Required action -
Reproduce exactly the lines below, from the first through the one containing "Fig. 2. HIV-infected", and nothing more.

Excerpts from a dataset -
========================================================================
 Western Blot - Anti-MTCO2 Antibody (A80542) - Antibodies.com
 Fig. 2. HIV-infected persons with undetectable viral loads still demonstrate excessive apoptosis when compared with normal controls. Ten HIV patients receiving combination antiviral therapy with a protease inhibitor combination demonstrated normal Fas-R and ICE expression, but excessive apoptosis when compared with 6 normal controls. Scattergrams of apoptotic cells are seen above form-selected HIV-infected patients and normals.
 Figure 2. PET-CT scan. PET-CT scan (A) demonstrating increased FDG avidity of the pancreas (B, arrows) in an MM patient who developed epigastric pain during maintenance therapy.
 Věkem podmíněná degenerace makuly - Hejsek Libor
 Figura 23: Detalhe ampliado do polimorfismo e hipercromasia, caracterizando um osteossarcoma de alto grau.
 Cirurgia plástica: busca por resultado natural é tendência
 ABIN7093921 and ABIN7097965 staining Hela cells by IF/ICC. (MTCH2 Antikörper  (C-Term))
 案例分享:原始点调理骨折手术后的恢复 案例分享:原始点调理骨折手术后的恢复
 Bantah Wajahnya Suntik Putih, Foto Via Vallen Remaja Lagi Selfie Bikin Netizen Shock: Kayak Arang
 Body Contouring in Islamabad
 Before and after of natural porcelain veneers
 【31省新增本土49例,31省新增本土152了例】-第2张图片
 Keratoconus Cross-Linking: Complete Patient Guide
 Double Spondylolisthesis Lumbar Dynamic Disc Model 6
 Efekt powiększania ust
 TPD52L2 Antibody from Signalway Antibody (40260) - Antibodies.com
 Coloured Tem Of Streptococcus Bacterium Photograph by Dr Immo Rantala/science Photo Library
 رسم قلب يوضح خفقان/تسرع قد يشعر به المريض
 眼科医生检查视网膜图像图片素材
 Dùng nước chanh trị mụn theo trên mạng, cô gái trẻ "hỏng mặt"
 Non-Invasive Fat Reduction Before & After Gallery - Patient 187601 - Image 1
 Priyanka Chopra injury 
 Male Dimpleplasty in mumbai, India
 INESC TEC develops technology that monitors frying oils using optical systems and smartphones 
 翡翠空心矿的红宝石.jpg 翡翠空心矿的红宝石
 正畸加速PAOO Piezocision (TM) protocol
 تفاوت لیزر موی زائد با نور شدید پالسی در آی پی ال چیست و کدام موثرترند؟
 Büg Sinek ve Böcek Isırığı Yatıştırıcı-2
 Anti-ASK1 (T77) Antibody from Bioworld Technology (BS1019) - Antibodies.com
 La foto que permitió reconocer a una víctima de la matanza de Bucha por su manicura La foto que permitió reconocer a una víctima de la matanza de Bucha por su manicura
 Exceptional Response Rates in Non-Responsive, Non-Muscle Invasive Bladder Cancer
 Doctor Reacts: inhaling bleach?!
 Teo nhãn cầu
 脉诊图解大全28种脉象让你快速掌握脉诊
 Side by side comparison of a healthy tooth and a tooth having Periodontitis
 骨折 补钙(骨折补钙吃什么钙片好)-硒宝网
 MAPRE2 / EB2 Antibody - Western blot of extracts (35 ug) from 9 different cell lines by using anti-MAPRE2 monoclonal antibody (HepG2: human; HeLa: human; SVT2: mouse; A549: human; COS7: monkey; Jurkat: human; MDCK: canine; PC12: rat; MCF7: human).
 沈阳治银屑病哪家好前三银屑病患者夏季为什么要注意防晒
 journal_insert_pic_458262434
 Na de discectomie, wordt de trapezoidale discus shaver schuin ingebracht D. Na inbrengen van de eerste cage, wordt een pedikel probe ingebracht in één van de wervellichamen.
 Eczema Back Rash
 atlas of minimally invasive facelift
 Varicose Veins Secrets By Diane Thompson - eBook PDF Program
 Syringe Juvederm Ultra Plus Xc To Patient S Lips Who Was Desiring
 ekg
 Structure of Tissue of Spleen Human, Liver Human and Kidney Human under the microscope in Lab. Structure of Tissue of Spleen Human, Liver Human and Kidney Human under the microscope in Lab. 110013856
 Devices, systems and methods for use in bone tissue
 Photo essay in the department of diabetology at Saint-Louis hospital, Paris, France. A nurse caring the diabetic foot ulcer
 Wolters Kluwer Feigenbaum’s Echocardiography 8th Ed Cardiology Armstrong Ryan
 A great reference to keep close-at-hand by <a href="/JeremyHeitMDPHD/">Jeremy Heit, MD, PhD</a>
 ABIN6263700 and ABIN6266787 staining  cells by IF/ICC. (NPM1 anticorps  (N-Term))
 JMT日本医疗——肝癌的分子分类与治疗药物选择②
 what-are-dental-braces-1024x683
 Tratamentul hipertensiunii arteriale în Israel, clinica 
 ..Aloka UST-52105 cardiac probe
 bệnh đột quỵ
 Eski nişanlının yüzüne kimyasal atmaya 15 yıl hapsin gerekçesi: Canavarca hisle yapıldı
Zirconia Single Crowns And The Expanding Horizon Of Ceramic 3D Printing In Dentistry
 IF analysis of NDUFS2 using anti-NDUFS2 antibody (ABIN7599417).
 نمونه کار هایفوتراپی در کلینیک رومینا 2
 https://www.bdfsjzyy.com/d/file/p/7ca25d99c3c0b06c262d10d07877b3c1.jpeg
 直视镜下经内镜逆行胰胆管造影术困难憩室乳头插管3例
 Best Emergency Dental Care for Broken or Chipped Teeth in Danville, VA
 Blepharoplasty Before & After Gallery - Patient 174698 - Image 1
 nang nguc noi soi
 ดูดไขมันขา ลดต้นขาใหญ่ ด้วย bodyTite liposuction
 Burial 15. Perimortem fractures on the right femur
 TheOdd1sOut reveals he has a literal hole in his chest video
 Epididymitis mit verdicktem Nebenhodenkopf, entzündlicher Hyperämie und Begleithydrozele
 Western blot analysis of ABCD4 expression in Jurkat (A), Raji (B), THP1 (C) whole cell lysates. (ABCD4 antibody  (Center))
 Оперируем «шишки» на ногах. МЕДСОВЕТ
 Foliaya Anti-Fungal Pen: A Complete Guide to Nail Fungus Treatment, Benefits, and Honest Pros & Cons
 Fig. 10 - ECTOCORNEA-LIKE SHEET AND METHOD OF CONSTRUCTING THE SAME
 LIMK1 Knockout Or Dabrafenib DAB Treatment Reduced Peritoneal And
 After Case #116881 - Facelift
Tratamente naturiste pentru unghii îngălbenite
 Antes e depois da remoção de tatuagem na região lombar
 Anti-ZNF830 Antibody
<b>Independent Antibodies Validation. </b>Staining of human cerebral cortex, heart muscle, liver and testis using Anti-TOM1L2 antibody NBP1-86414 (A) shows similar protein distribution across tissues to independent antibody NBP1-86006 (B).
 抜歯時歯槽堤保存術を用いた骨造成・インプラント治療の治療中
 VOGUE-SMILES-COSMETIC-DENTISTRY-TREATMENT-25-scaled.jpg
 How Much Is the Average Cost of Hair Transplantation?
========================================================================
Result of this exercise -
 Western Blot - Anti-MTCO2 Antibody (A80542) - Antibodies.com
 Fig. 2. HIV-infected persons with undetectable viral loads still demonstrate excessive apoptosis when compared with normal controls. Ten HIV patients receiving combination antiviral therapy with a protease inhibitor combination demonstrated normal Fas-R and ICE expression, but excessive apoptosis when compared with 6 normal controls. Scattergrams of apoptotic cells are seen above form-selected HIV-infected patients and normals.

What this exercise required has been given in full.